───── INFORMATION SUPPLIED ─────

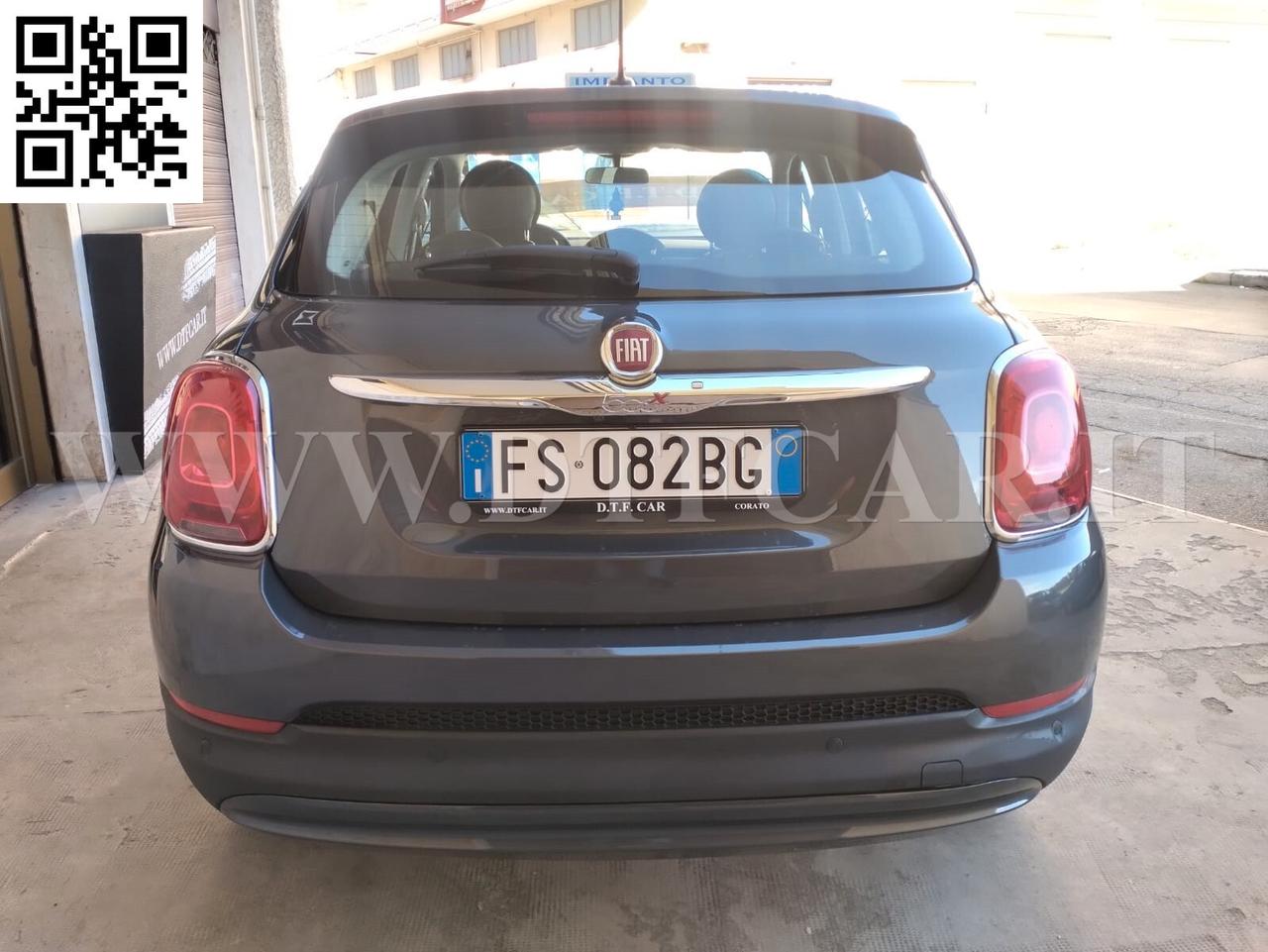 Fiat 500X 1.4 T-Jet 120 CV GPL casa madre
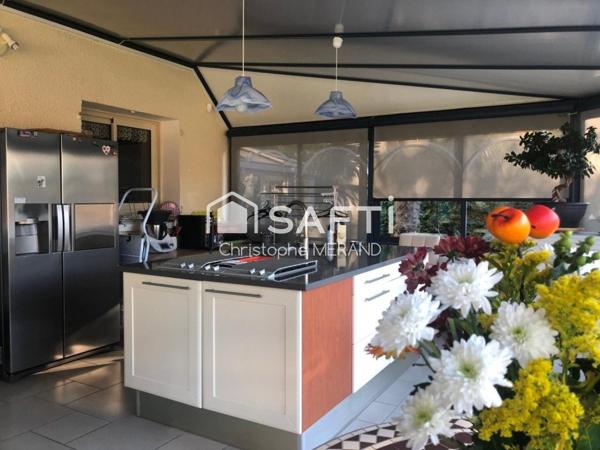 Magnifique propriété a 3 minutes de Chatellerault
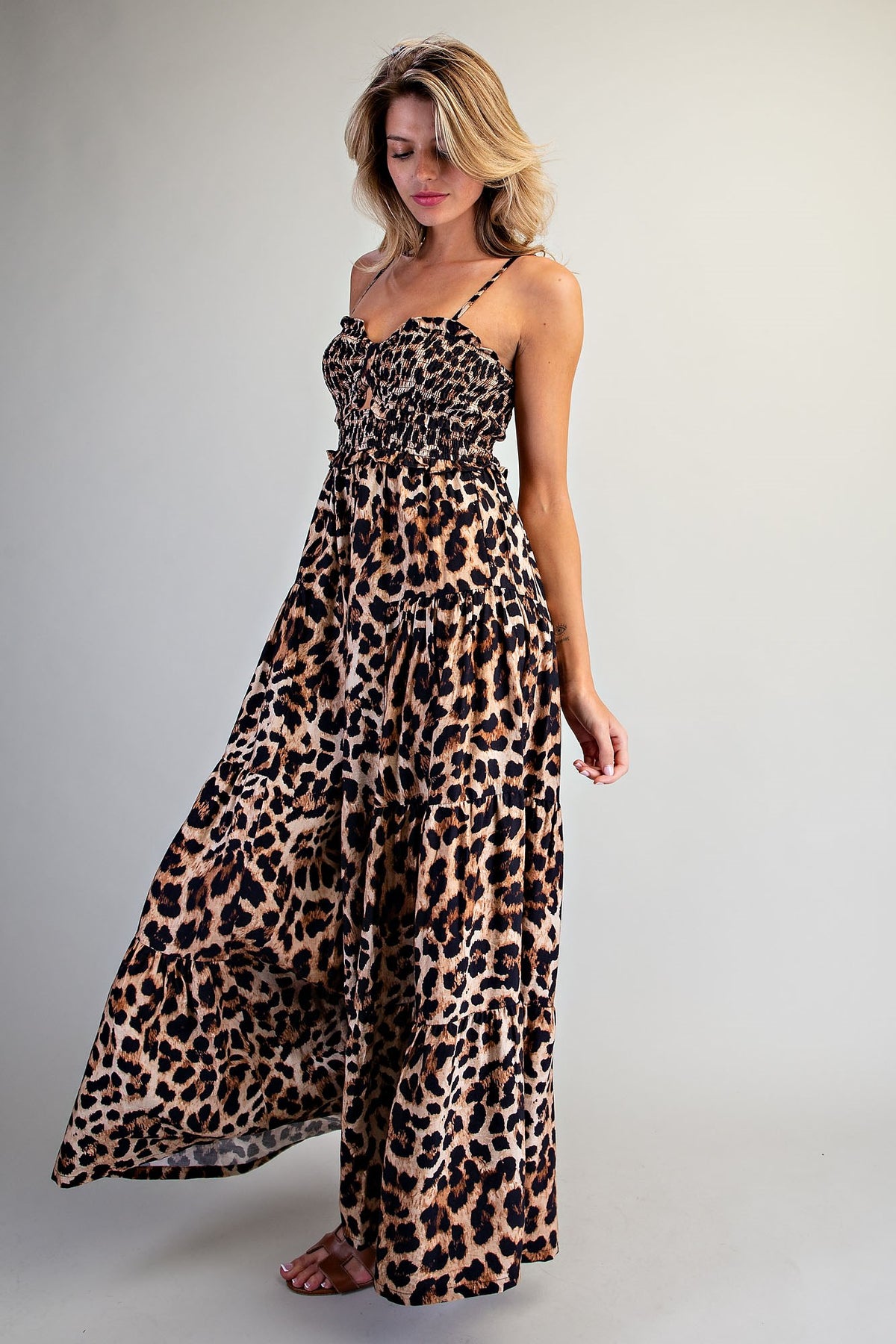 2779 Leopard Print Jumpsuit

─────

= WORK REQUIRED =
No picture should be included when the data are set down again exactly.

= SOLUTION TO THE EXERCISE =
 Fiat 500X 1.4 T-Jet 120 CV GPL casa madre
 Magnifique propriété a 3 minutes de Chatellerault
 2779 Leopard Print Jumpsuit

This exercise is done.